*Task prompt:* Transcribe the entries below word for word, beginning at the line with "vegan-lavender-almond-cake-recipe-with-nut-free image" and stopping after the line with "Róża koral syntetyczny"; drop all pictures.
──────── Records for this exercise
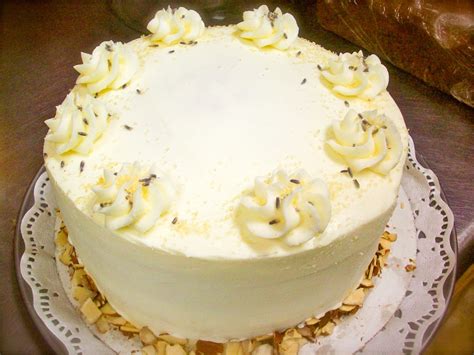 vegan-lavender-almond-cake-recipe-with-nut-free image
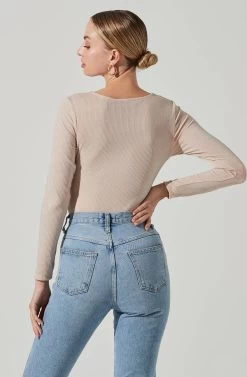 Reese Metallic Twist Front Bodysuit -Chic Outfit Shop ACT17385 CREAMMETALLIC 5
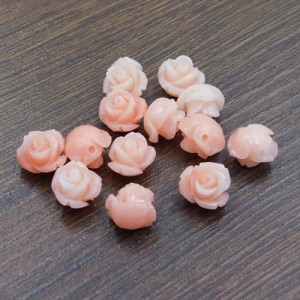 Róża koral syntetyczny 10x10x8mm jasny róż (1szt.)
────────────────
──────── Records for this exercise
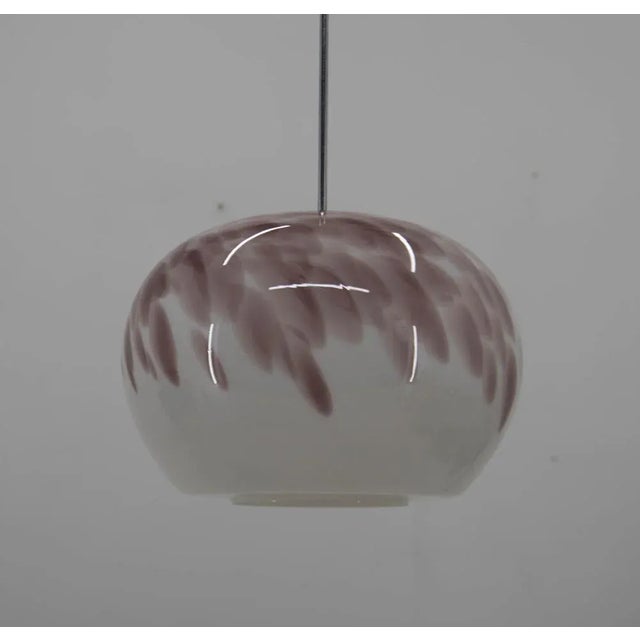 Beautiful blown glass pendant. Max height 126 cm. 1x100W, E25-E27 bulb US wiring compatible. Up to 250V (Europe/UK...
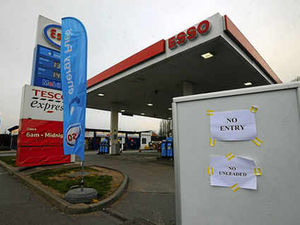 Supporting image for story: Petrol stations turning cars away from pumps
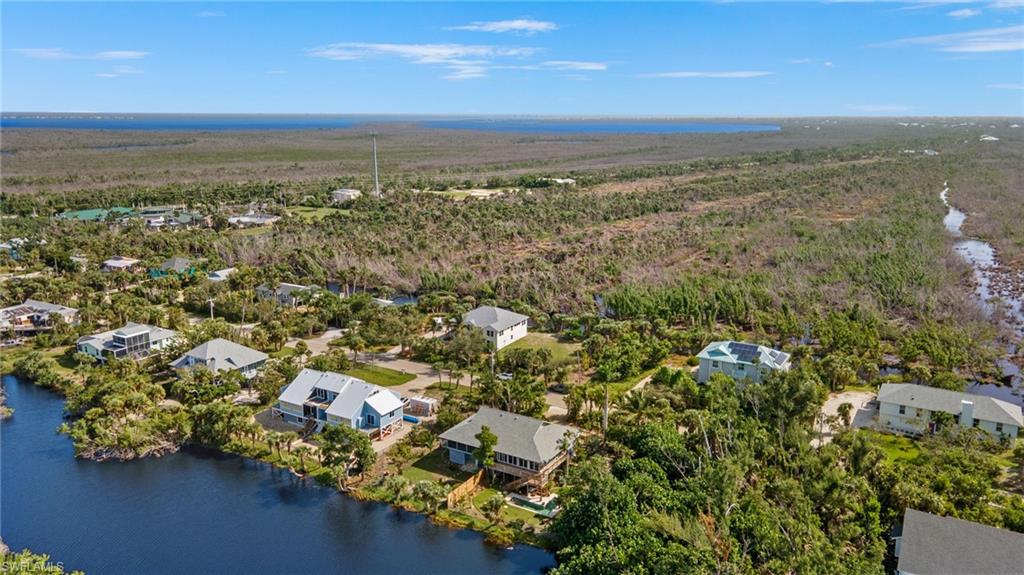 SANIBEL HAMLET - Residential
────────────────
──────── Records for this exercise
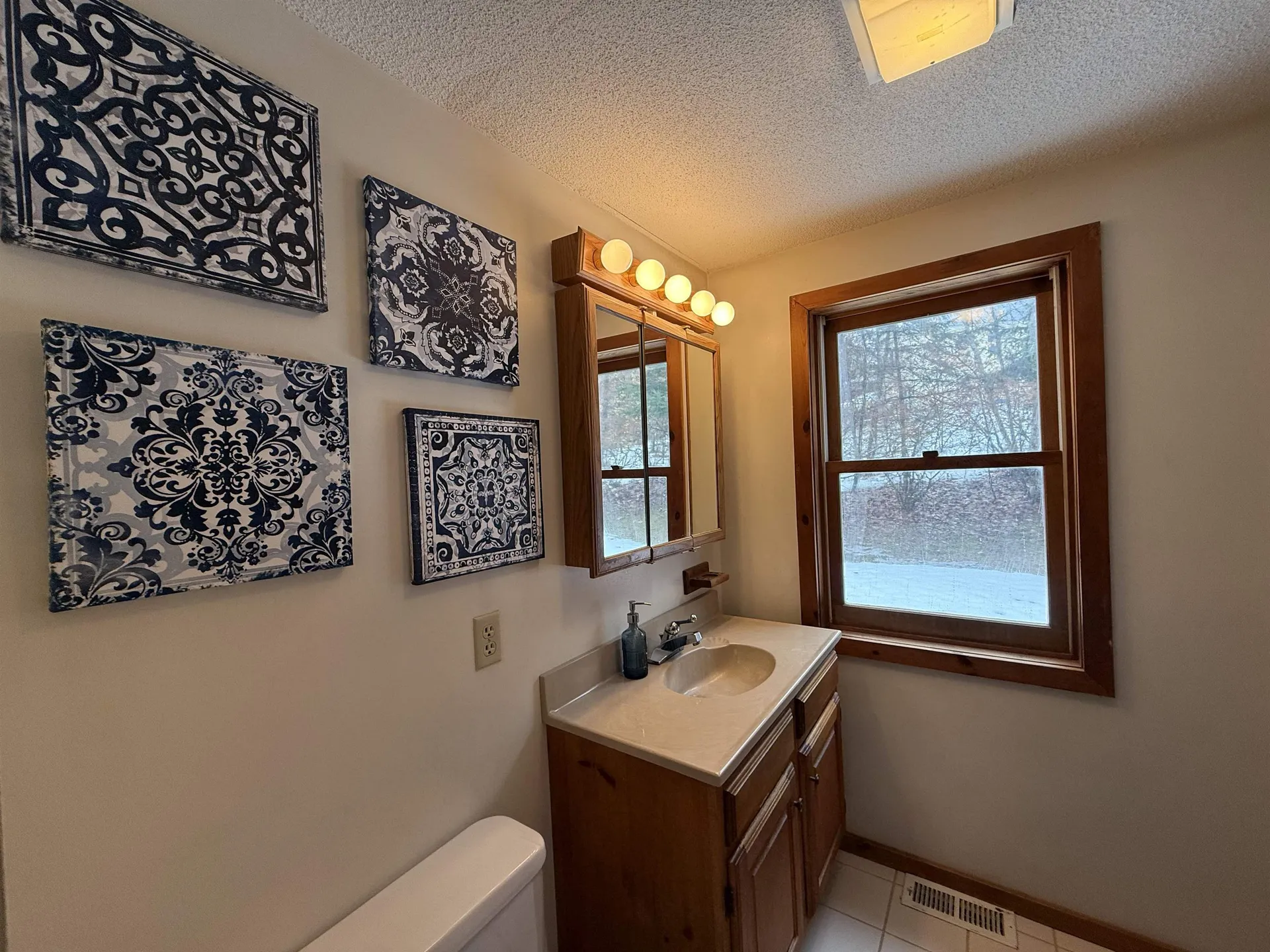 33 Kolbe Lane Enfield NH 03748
────────────────
*Written response:*
 vegan-lavender-almond-cake-recipe-with-nut-free image
 Reese Metallic Twist Front Bodysuit -Chic Outfit Shop ACT17385 CREAMMETALLIC 5
 Róża koral syntetyczny 10x10x8mm jasny róż (1szt.)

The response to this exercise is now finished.